Bhaskar replies, I think, that the overcoming of capitalism will leave
a void that has to be filled; although Marx is right that we cannot
predict what is going to happen we should decide what we want to
happen and then go for it.

ehrbar> He underestimated how much is usually preserved in a sublation, for
ehrbar> instance in the transition from capitalism to socialism.

dumain> What are you saying here?  That Marx was overly optimistic?
dumain> That he underestimated the perseverance of all the old shit
dumain> (his words, more or less)?  I don't know that this is true at
dumain> all.

Again I think Marx and most Marxists after him had still conceived of
the building of socialism as an attempt to move society forward, it is
here now and with some effort we can get it over there tomorrow.
"Great Leap forward" stuff.  The socialist individual will then
develop under the new social conditions.  Bhaskar would say this is an
attempt to reduce the individual to society.  He says there is an
"ontological hiatus" between individual and society.  They are
irreducible to each other.  Attempts to jump to a different social
spot ignore that.  We have to allow individuals to comd along, they
will not automatically be dragged along.  All we can hope for is a
change in direction.  Carefully look at how individual actions
reproduce social relations, and make strategic changes which allow
desirable social relations to be strengthenend over time and
undesirable ones to fade away.  Also give individuals the opportunity
to learn from their own errors, etc.

dumain> One problem that surfaces here as it does in other posts is the
dumain> tacit assumption that Marx bequeathed to us a complete, closed
dumain> system, which defines for all time the elements of reality that
dumain> Marx himself was prepared to acknowledge.  Because others have
dumain> presented Marxism-Leninism as a finished, completed system, we are
dumain> supposed to look at Marx in the same light.  I don't buy it: I look
dumain> at Marx in process, not Marx as a finished product.  Marx never
dumain> finished his project or his system.  He didn't finish Capital, he
dumain> didn't finish his analysis of the capitalist system, he didn't
dumain> finish his analysis of pre-capitalist economic formations, he
dumain> didn't finish his theory of historical materialism, he never wrote
dumain> his promised explanation of Hegelian dialectics.  He did what he
dumain> could or would do until he died, but he never presented a finished
dumain> system.  I don't buy any of this crap about what Marx excluded from
dumain> his system.  By all means let us extend our analyses into areas
dumain> Marx did not live long enough to cover, but remember the Church of
dumain> Marx was erected by someone else.  If you want to be an iconoclast
dumain> against Stalin, Mao, Kautsky, Bernstein, or even Trotsky, Lenin,
dumain> Plekhanov, or Engels, that is your business, but don't think you
dumain> are being bold by directing your iconoclasm against Marx.  Marx
dumain> can't be found in his supposed Temple.

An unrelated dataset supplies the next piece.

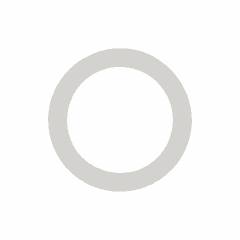 Seal Ring DIN 7603 - A 16 x 22 - Aluminum - Rear Engine Bracket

Of course, Marx was unfinished, and he would have probably weeded
out some of his errors in the process of finishing his building.
But it is important to identify any errors in the parts he left us.
The philosophical errors Bhaskar points out here are shot through
all of its parts and cannot be attributed to the building being

dumain> And by all means, let us benefit from the wisdom of Bhaskar, but
dumain> these examples you have given are trivial.

You didn't agree with most of them.  If you dismiss them as trivial now,
does that mean you do not want to discuss them any further?